A look inside the beautifully cheesy world of Crappy Magic

It’s difficult to classify things in this post-genre, post-facts, post–Donald Glover world (seriously, what do we call Donald Glover? A musician? An actor? A comic? God?). The creative floodgates that once—perhaps arbitrarily—divided artistic mediums and various forms of entertainment are now gone. As a result, the art that tends to stick out in today’s cultural stew brings audiences a general experience or a world—not just a single piece of work like an album or an exhibit. Joe Rogan fans, for instance, aren’t particularly drawn to his comedy or his MMA commentary or his penchant for trendy chemicals. Rather, they’re drawn to the concept of Joe Rogan—this thing or vibe that’s created when you mix all of the above (and Lord, what a vibe it is).

Such is the case with local “art enterprise” Crappy Magic. Defining it is sort of tricky. Yes, it’s an art magazine. Yes, it’s an “experimental retailer.” Yes, it’s a collection of loosely connected experiential art exhibits and a series of faux infomercials posted on Instagram. But more than anything, it’s the weird cosmos of David Hellams’ mind. With help from a rotating cast of collaborators like David King, Tyler Blankenship, and past NATIVE artist spotlight subject Rachel Growden, Hellams has created a world that’s somewhere between PeeWee’s Playhouse and Tim and Eric—an endearing collection of absurd art projects and events that include everything from The Crappy Magic Experience (a sort of found-object bazaar in which patrons scan thrift store items at a video kiosk and then watch Hellams-directed videos relating to said items) to The Commission to Rescue Abandoned Paintings (an art gallery that “plucks the discarded works of amateur and unknown artists from the brink of oblivion and gives them another chance to be enjoyed”).

Hellams’ last project was a collaboration with Erin Plew called The Medium is the Message: Answering Machine, which showed at the Packing Plant in early June.  For the exhibit, the duo created a living room (complete with buyable used objects) based on tapes from an old answering machine that Plew found (more on that later). While the decor of the living room was pretty standard for the late ’90s, the contents on the answering machine—which detail the hospice arrangements for an aging family member—were anything but normal. We sat down with Hellams and Plew to talk Crappy Magic, the genius of kitsch, and what it means to mourn.

Okay, because Crappy Magic is outside of what some readers expect from an art project, can you briefly explain what exactly this “thing” is?
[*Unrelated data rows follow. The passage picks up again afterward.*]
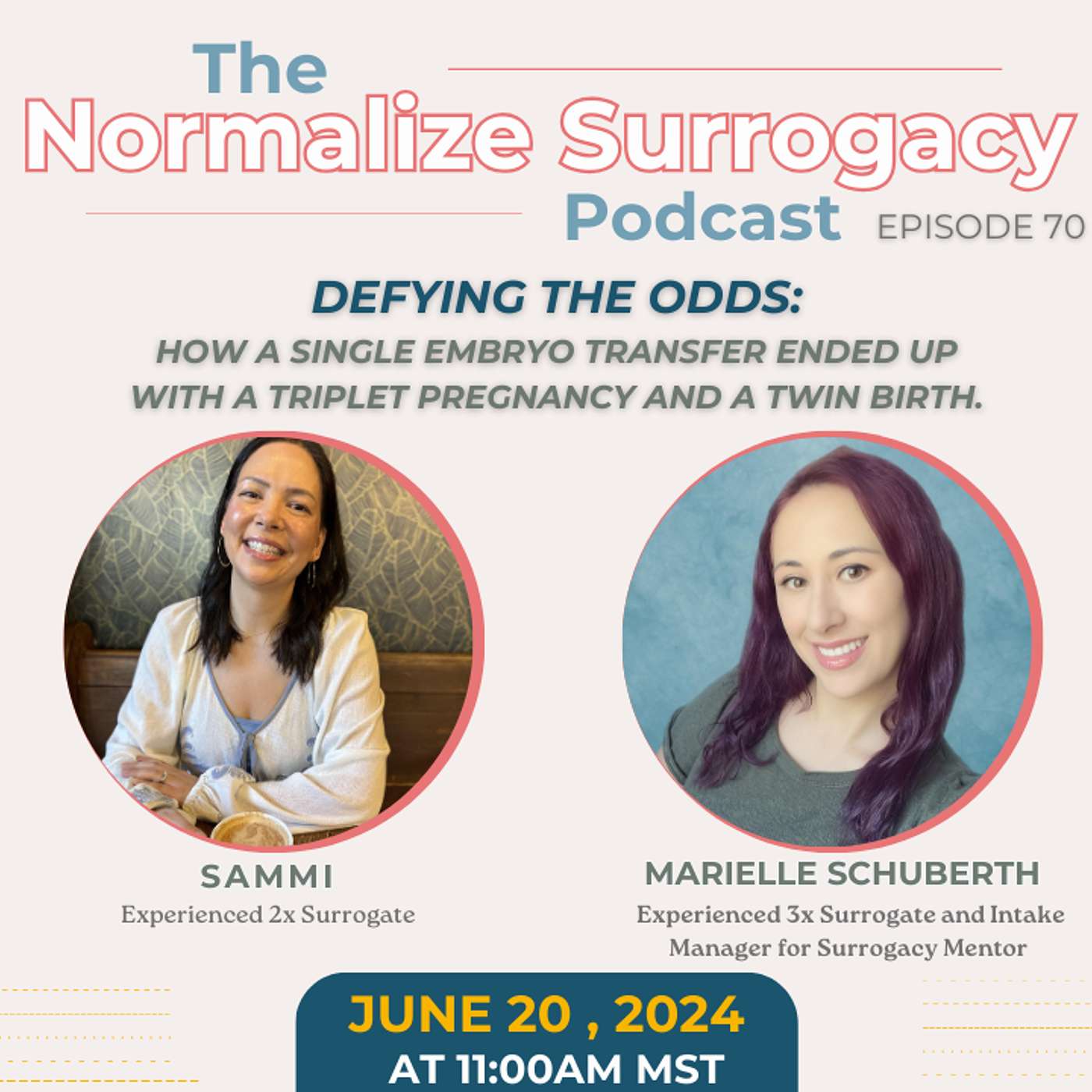 Episode 7O: Defying the Odds with Experienced Surrogate Sammi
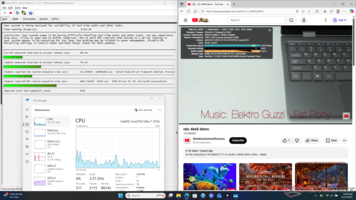 LatencyMon no muestra caídas de fotogramas al reproducir vídeo 4K60 ni problemas importantes de DPC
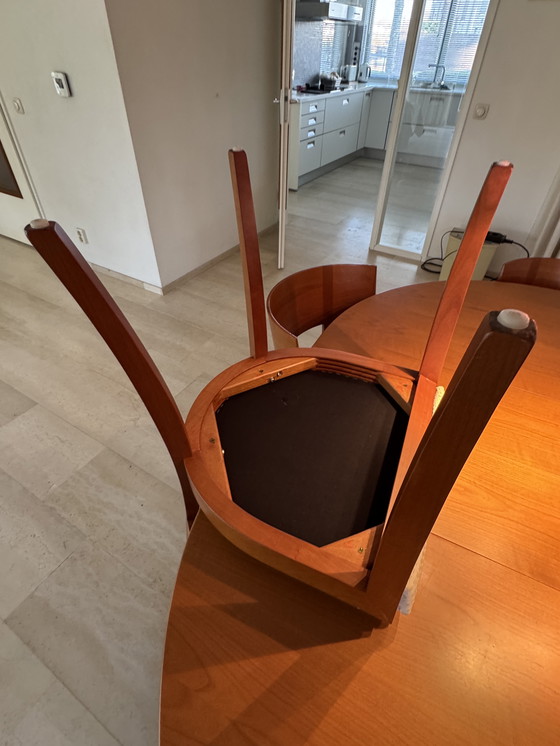 Image 1 of Tonon Dining Table with Insert Top + 6 Chairs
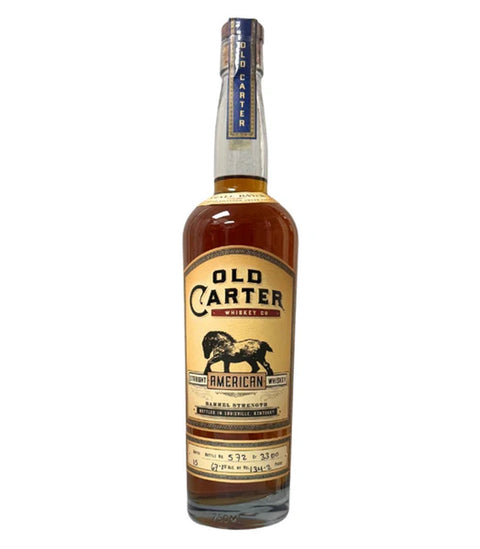 Old Carter Straight American Whiskey Barrel Strength Batch No 15 750 ML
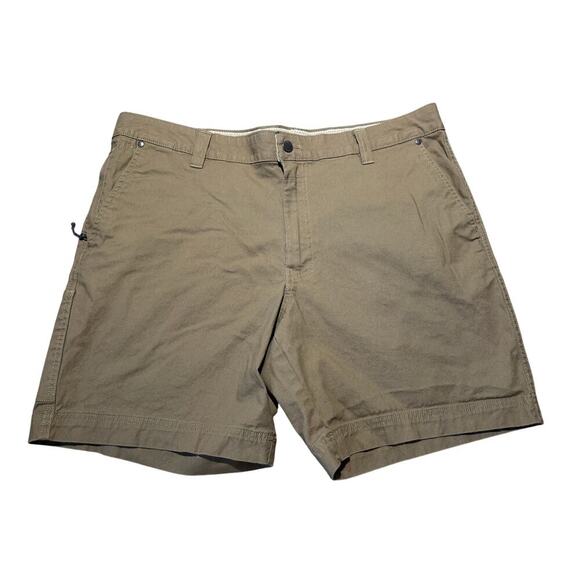 Columbia Mens Shorts, size 38, 8L, Cotton Blend;  Khaki/Tan - Picture 1 of 10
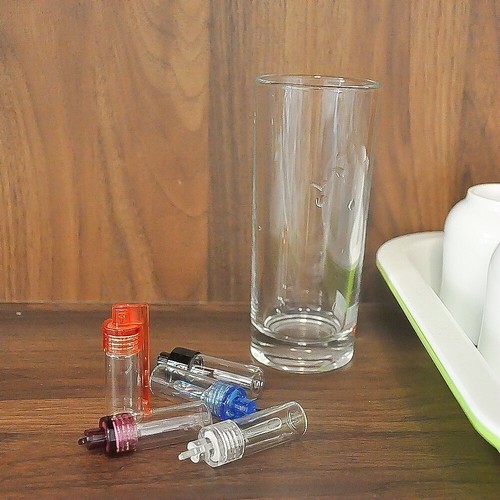 Glas Pillenhüllen Reise Mini Flaschen mit Klapplöffel Reiseaufbewahrung Glasglasglas - Bild 9 von 14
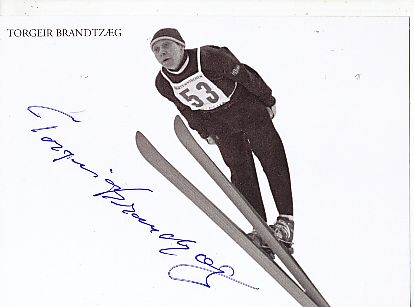 Torgeir Brandtzæg  Norwegen  Skispringen  Autogramm Foto  original signiert 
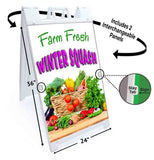 Fresh Winter Squash A-Frame Signs, Decals, or Panels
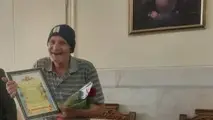 دیدار و قدردانی از 2 راننده پیشکسوت خمینی شهری
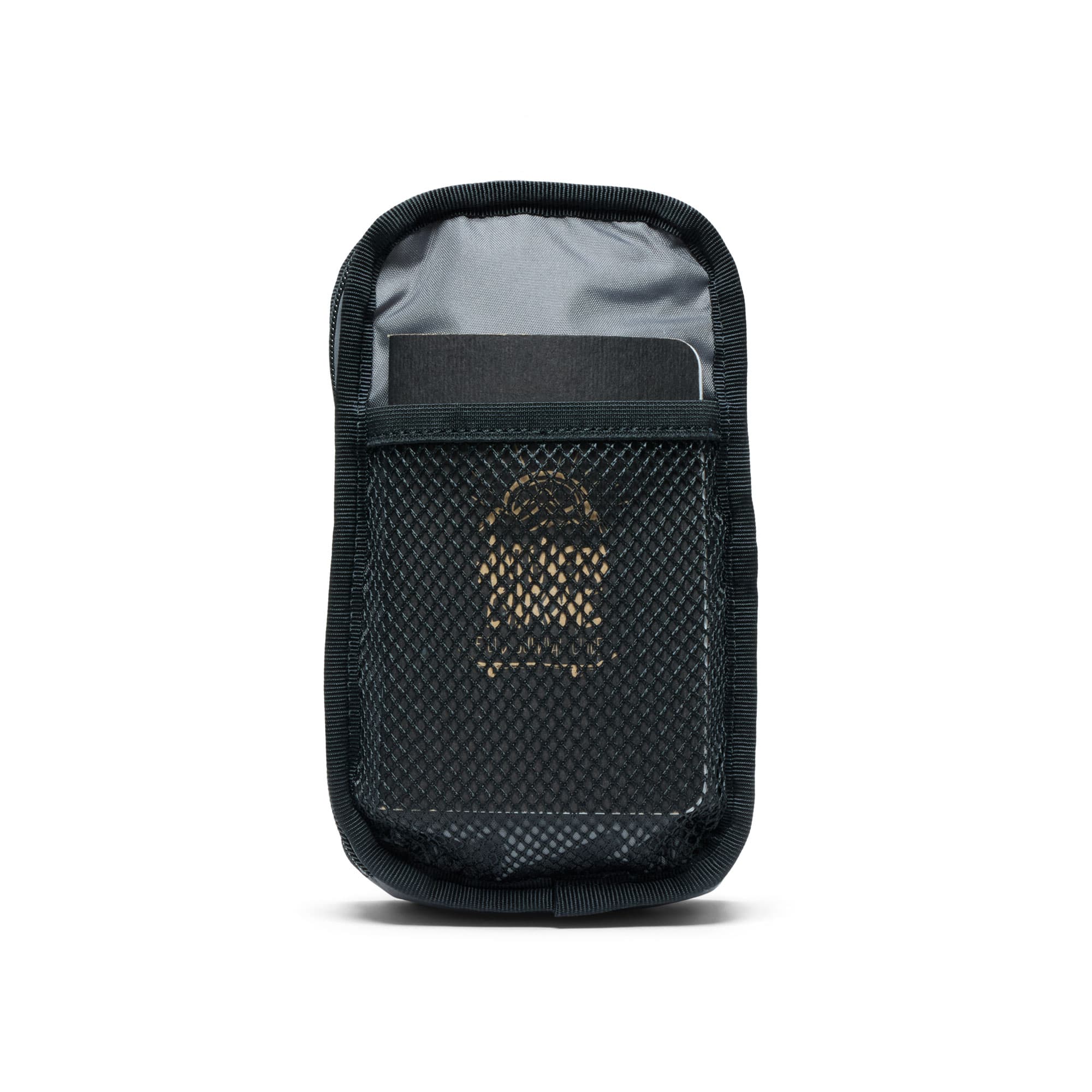 Logan pouch inside view of main mesh pocket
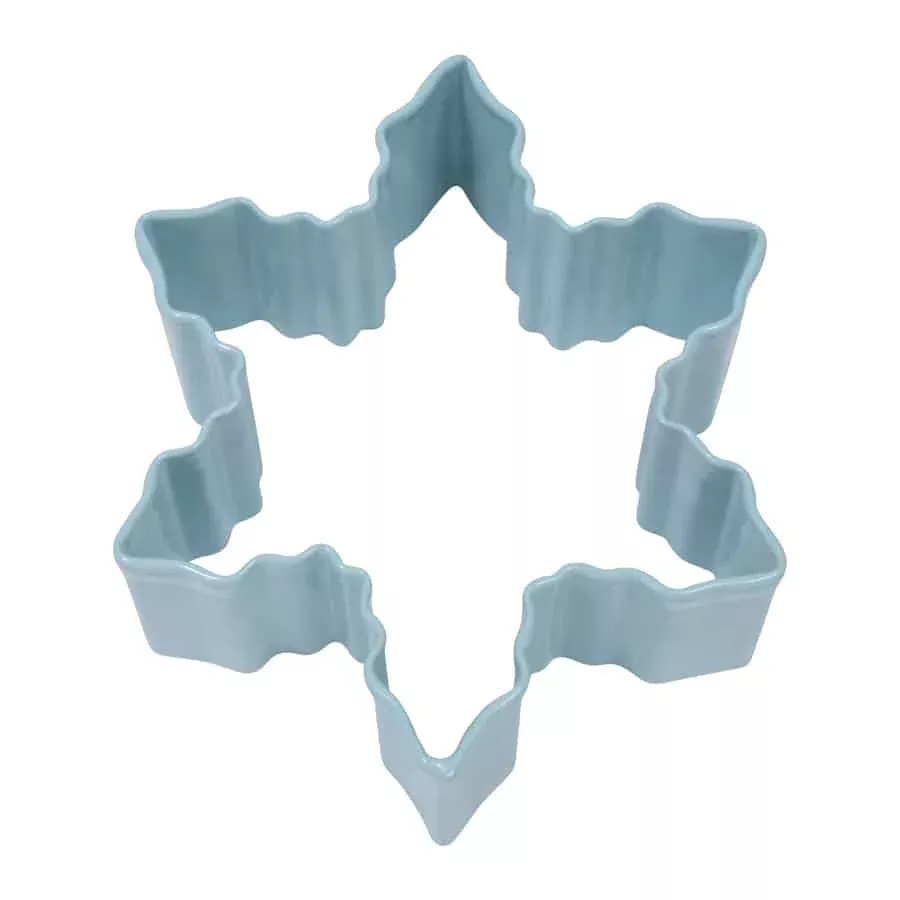 Snowflake Cookie Cutter (Blue, 3″)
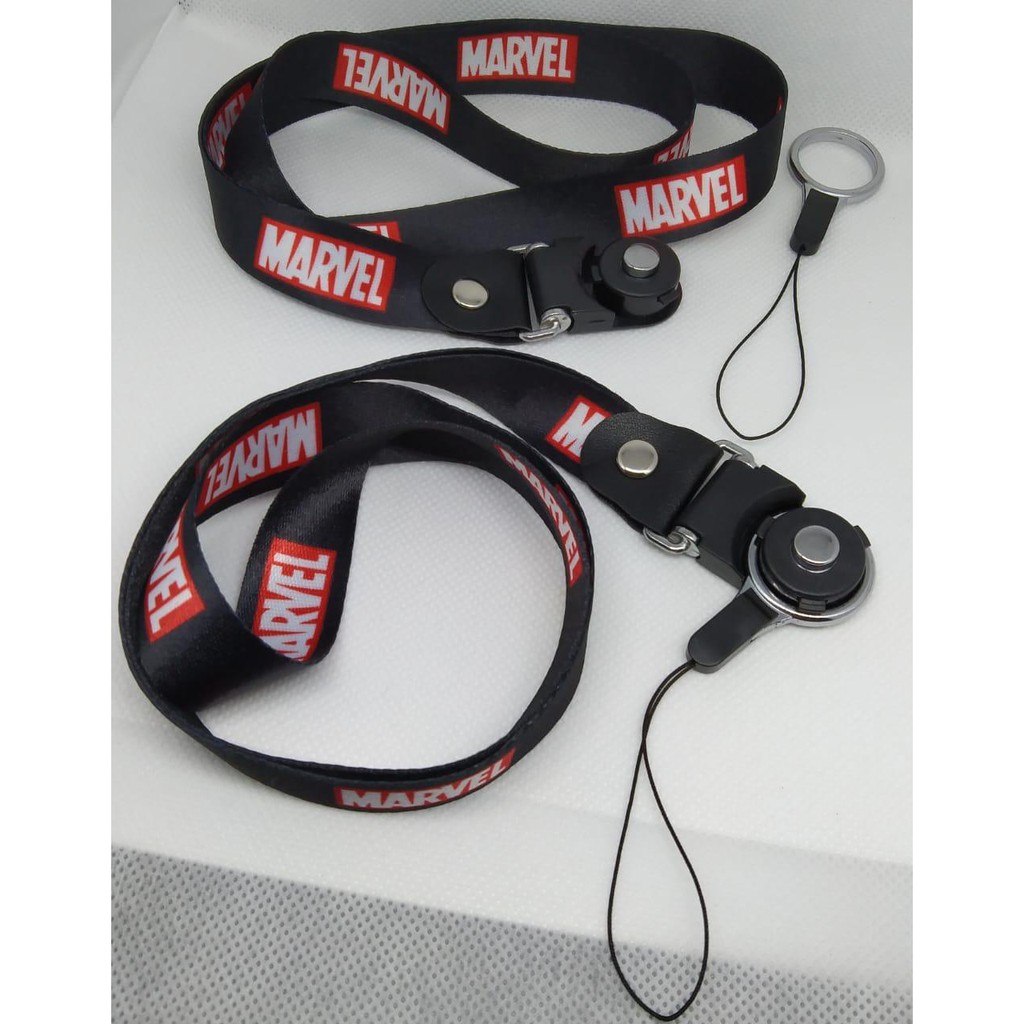 Tali Gantungan HandPhone Motif Marveel Hitam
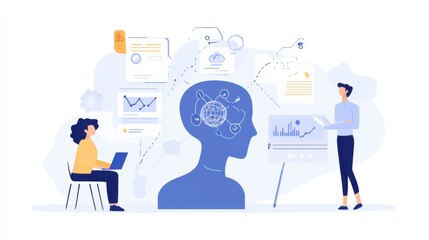 An AI powered system improving human resource management by analyzing employee performance data, career growth, and skill development to optimize talent management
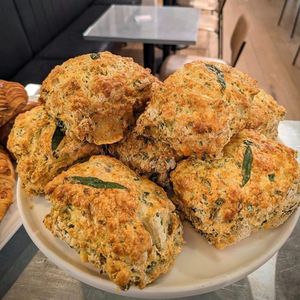 Potato and tarragon scones at Fruitmarket Cafe in Edinburgh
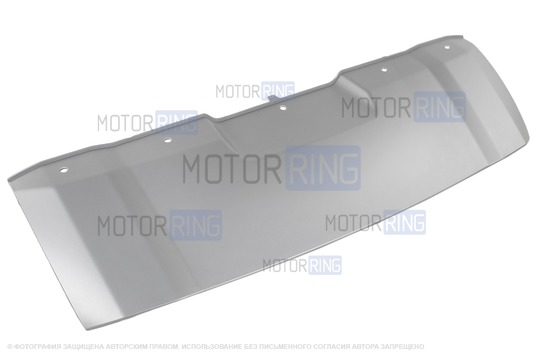 Накладка переднего бампера серебристая для Nissan Terrano_1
David Hellams: Crappy Magic began as a photography magazine, depicting piles of disorganized, discarded consumer goods in sometimes artful ways. I was making the images largely in-store while shopping at thrift outlet stores in Nashville and elsewhere. What began in 2015 as an independently produced photo zine expanded the following year into a series of interactive art events called the Crappy Magic Experience, developed in partnership with my friend David King. People really responded to our curated collection of thrift store items and the interactive displays based on the items. We also staged performance art benefit auctions, which people enjoyed both for their absurdity and for the competitive thrill of bidding at low dollar amounts.

 

You describe Crappy Magic as an “enterprise” rather than just an art project or magazine. Can you elaborate on what that means beyond the obvious fact that Crappy Magic incorporates multiple artistic mediums?

Hellams: I have produced a lot of things now under the name Crappy Magic. I view Crappy Magic as a conceptual business. Now, it is not a profitable one yet—I do want it to be that someday. But to me it is a conceptual success already, in that the means by which Crappy Magic goes about the business of selling items, videos, or experiences is in itself the substance of my “art. In each Crappy Magic sales event, I carefully consider the merchandise I will present and the processes by which viewers will browse and purchase from the show. I create these sort of video art infomercials that advertise the show while also outlining its themes. The items you buy from the showroom might or might not be works of art. Either way, my aim is that the experience you have at the sales event be thought-provoking, distinctive, and truly memorable.

 

What do you look for in found objects when you’re out thrifting or shooting for the Crappy Magic magazine? Do you have an intentional set of guidelines that dictate what you’re looking for, or is it more an impulsive thing?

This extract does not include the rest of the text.